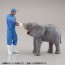 KAIYODO 1/35 ARTPLA Zookeeper and White Rhinoceros Set, KYD90123, by KAIYODO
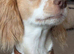 Spaniel pup for sale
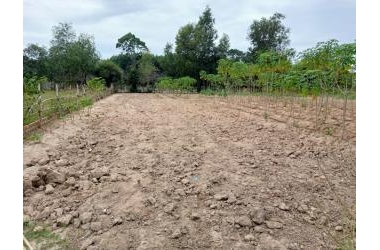 Cần Bán Đất Vị Trí Đẹp Giá Rẻ Tại Xã Phước An- Đông Nai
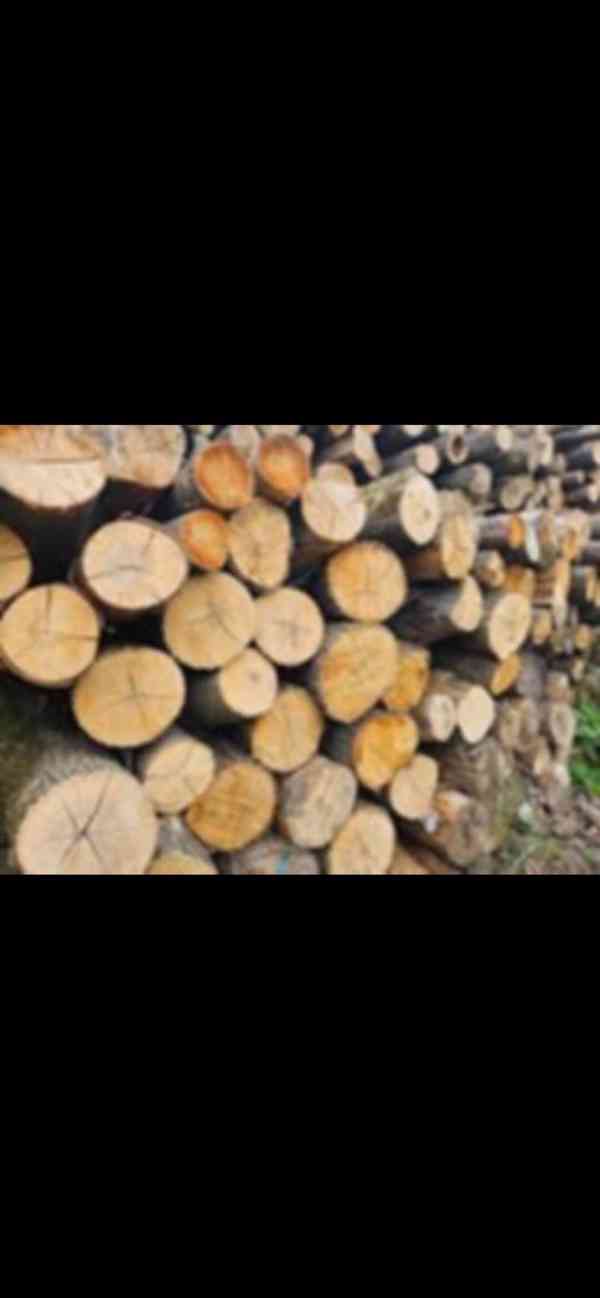 Palivové dřevo cena od 699,-kč z dopravou  - foto 4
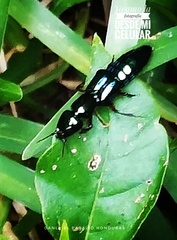 Eulissus
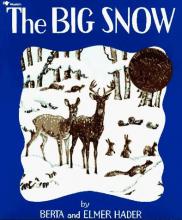 Cover image of The big snow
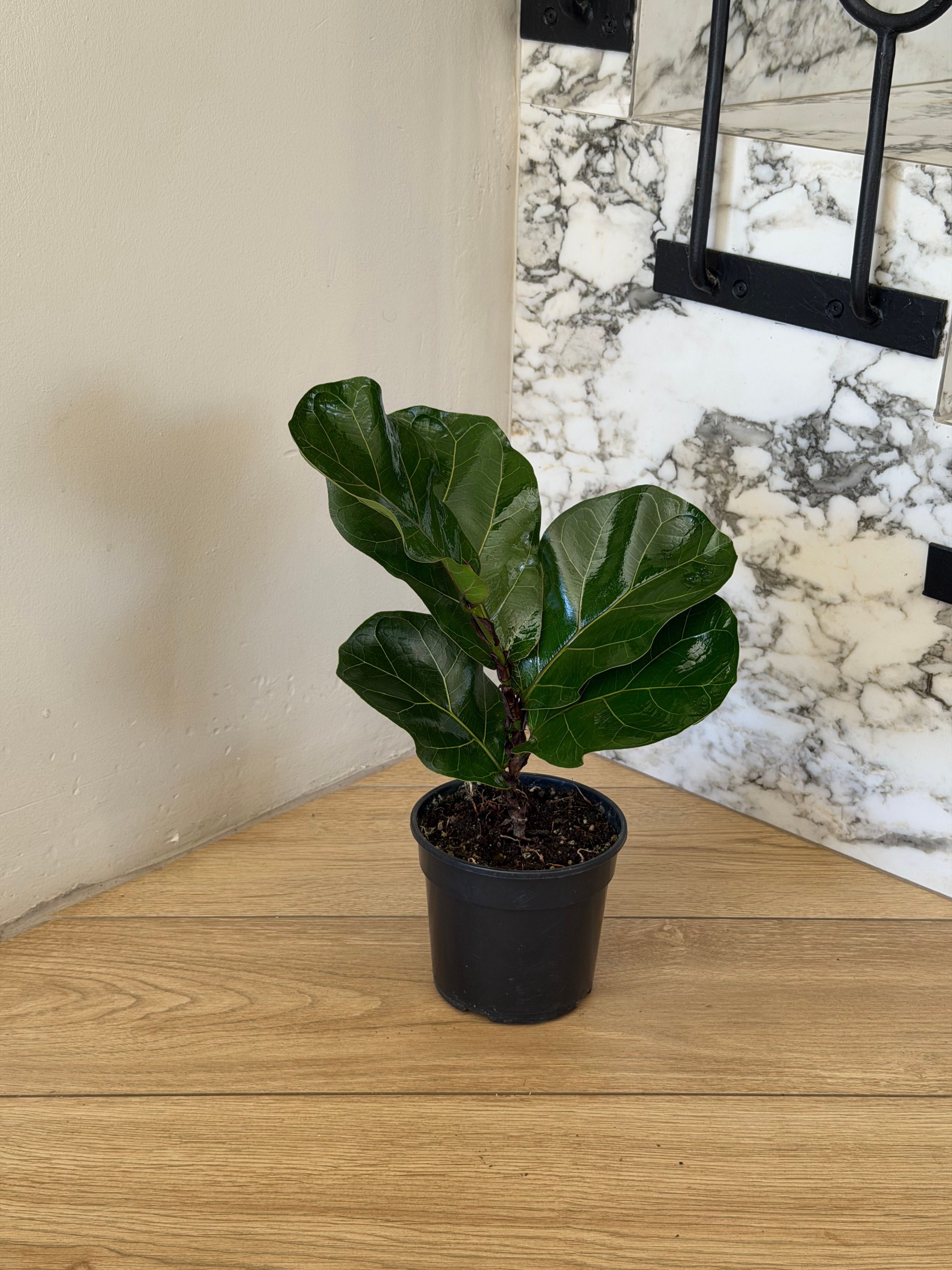 Ficus Elephant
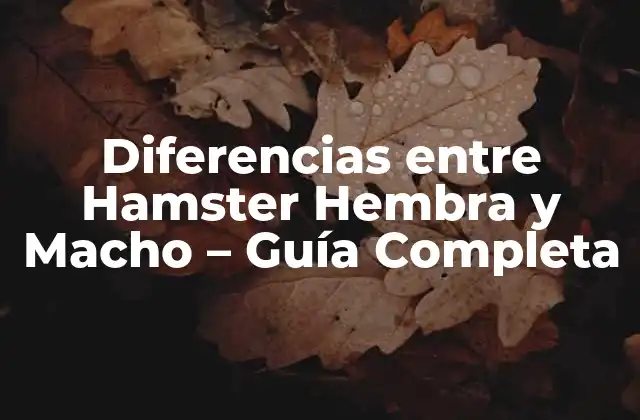 Diferencias entre Hamster Hembra y Macho - Guía Completa 2 Características Físicas - ¿Cómo Identificar a un Hamster Hembra o Macho?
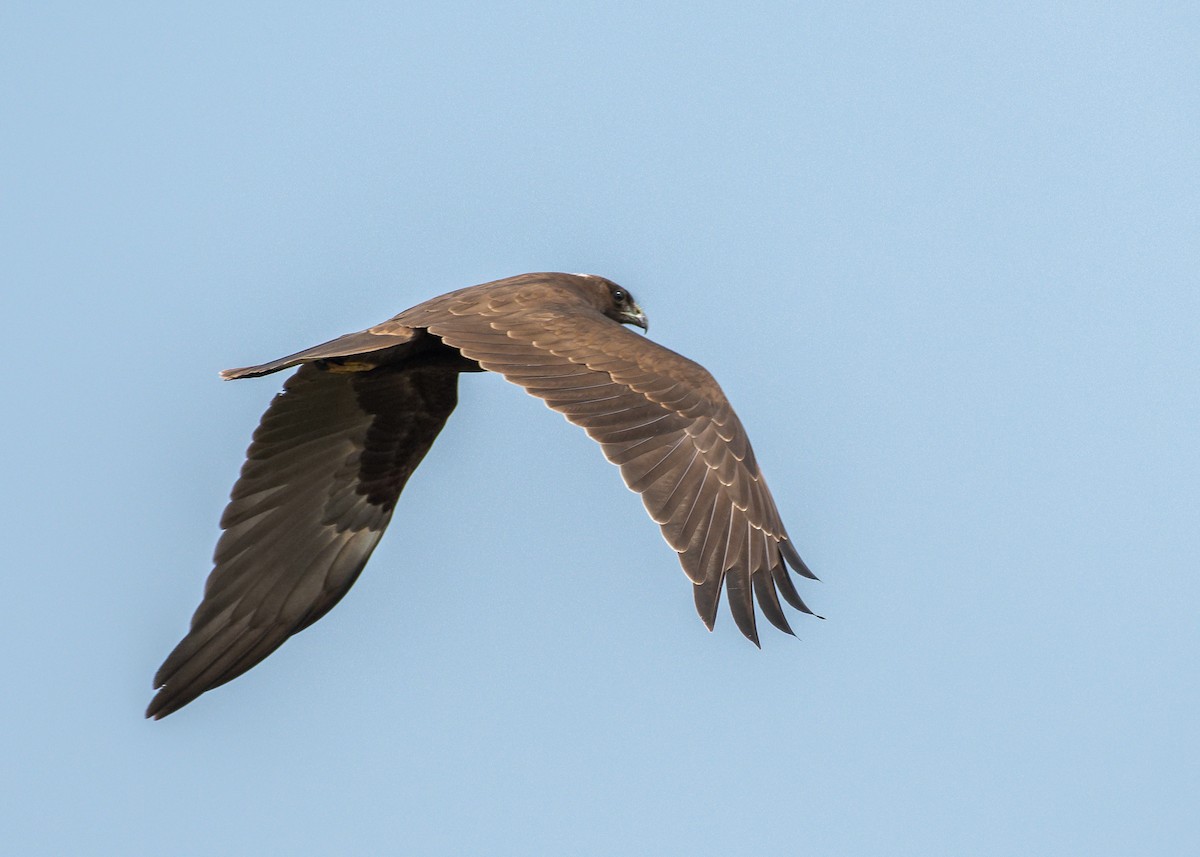 Western Marsh Harrier - ML624118150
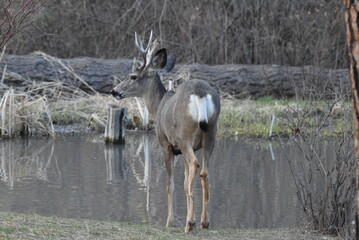 Mule deer buck in woods by a pond.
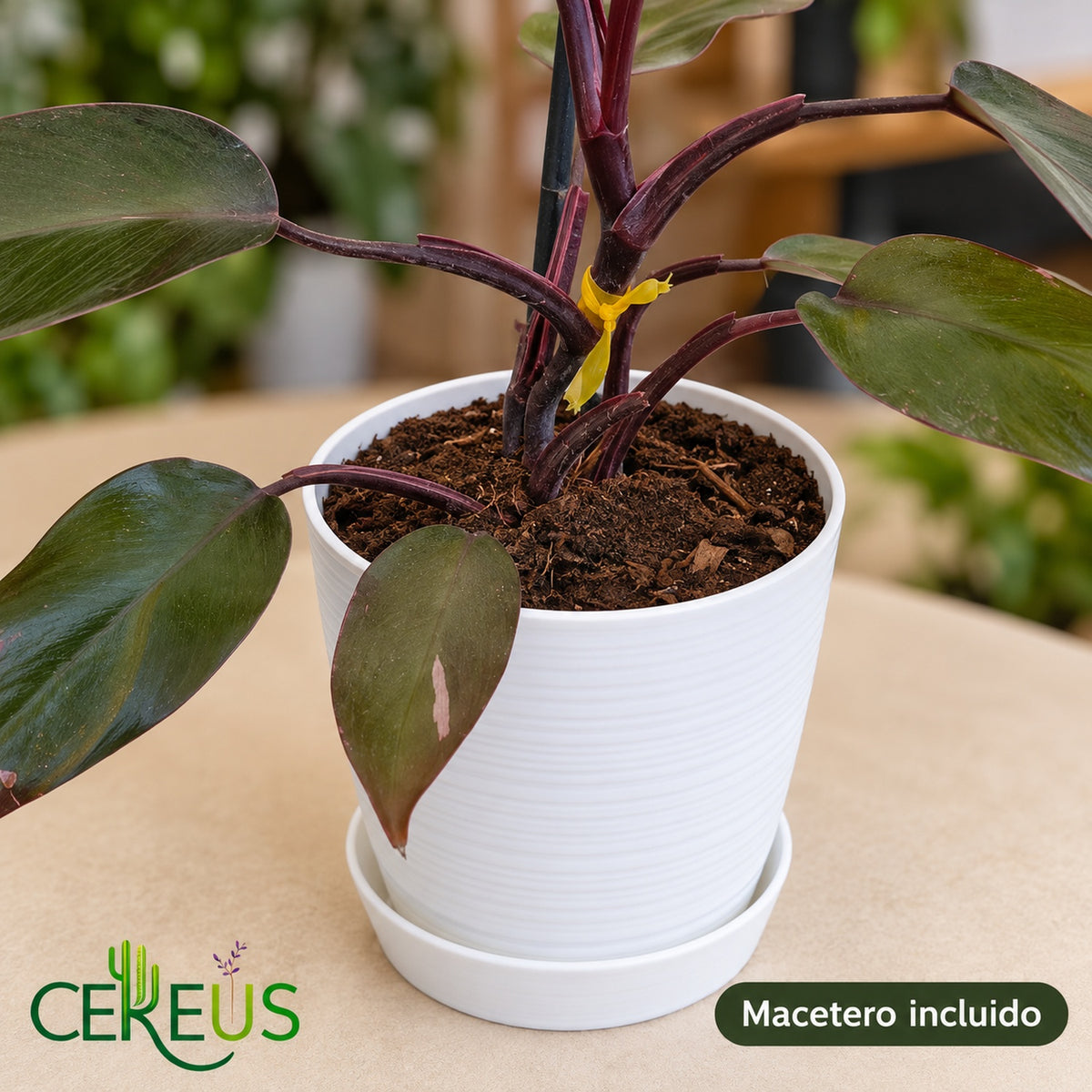 Philodendron Pink Princess de variegación discreta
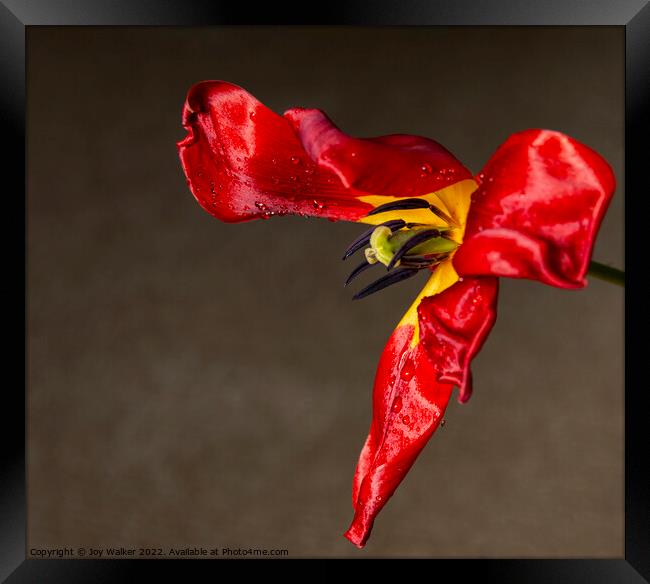 A single fading red tulip Framed Print by Joy Walker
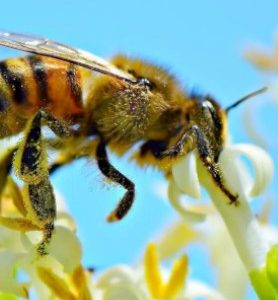 Graines pour Abeilles / Papillons et autres butineurs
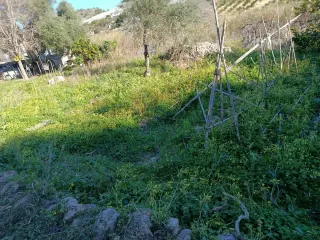 Servicio de limpieza.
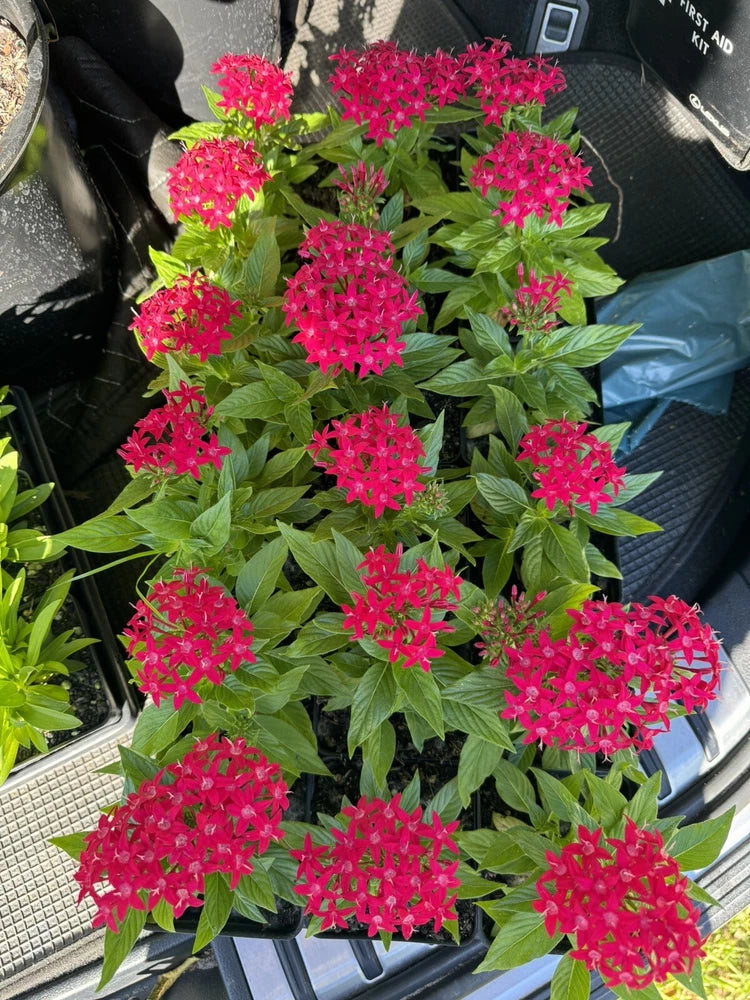 Pentas plant with pink star-shaped flower clusters and green leaves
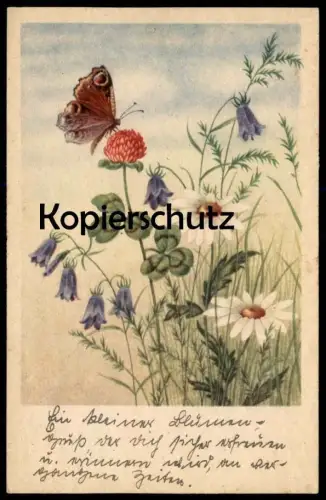 ALTE POSTKARTE PROMOTION 1902/07 STUDENTICA BURG BURGRUINE FOTOGRAF C. HOLLAENDER NAGOLD AK Ansichtskarte postcard cpa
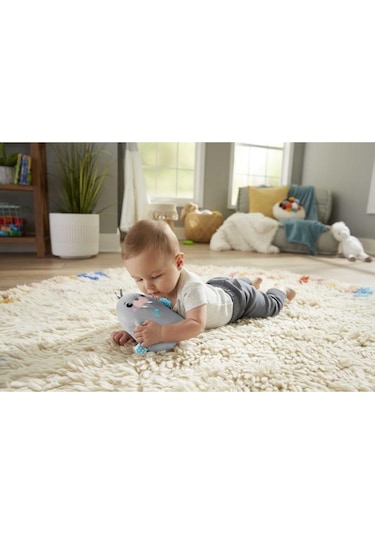 Fisher Price Sevimli Mors Uyku Arkadaşım Grt91
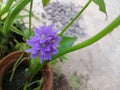 Top view, copy space and gardening concept of monochoria vaginalis caladium flower plant.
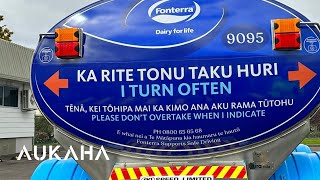 Dairy giant Fonterra today unveils its first bilingual milk tanker  with more to come [upl. by Giza511]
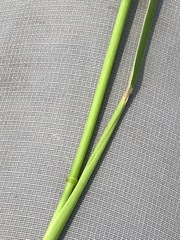 Trisetopsis imberbis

=====

Directions for this task :: Pictures excluded, give again exactly and only the lines of the material above from the line with "Diferencias entre Hamster" through the line with "Fisher Price Sevimli".

Written solution ::
 Diferencias entre Hamster Hembra y Macho - Guía Completa 2 Características Físicas - ¿Cómo Identificar a un Hamster Hembra o Macho?
 Western Marsh Harrier - ML624118150
 Mule deer buck in woods by a pond.
 Philodendron Pink Princess de variegación discreta
 A single fading red tulip Framed Print by Joy Walker
 Graines pour Abeilles / Papillons et autres butineurs
 Servicio de limpieza.
 Pentas plant with pink star-shaped flower clusters and green leaves
 ALTE POSTKARTE PROMOTION 1902/07 STUDENTICA BURG BURGRUINE FOTOGRAF C. HOLLAENDER NAGOLD AK Ansichtskarte postcard cpa
 Fisher Price Sevimli Mors Uyku Arkadaşım Grt91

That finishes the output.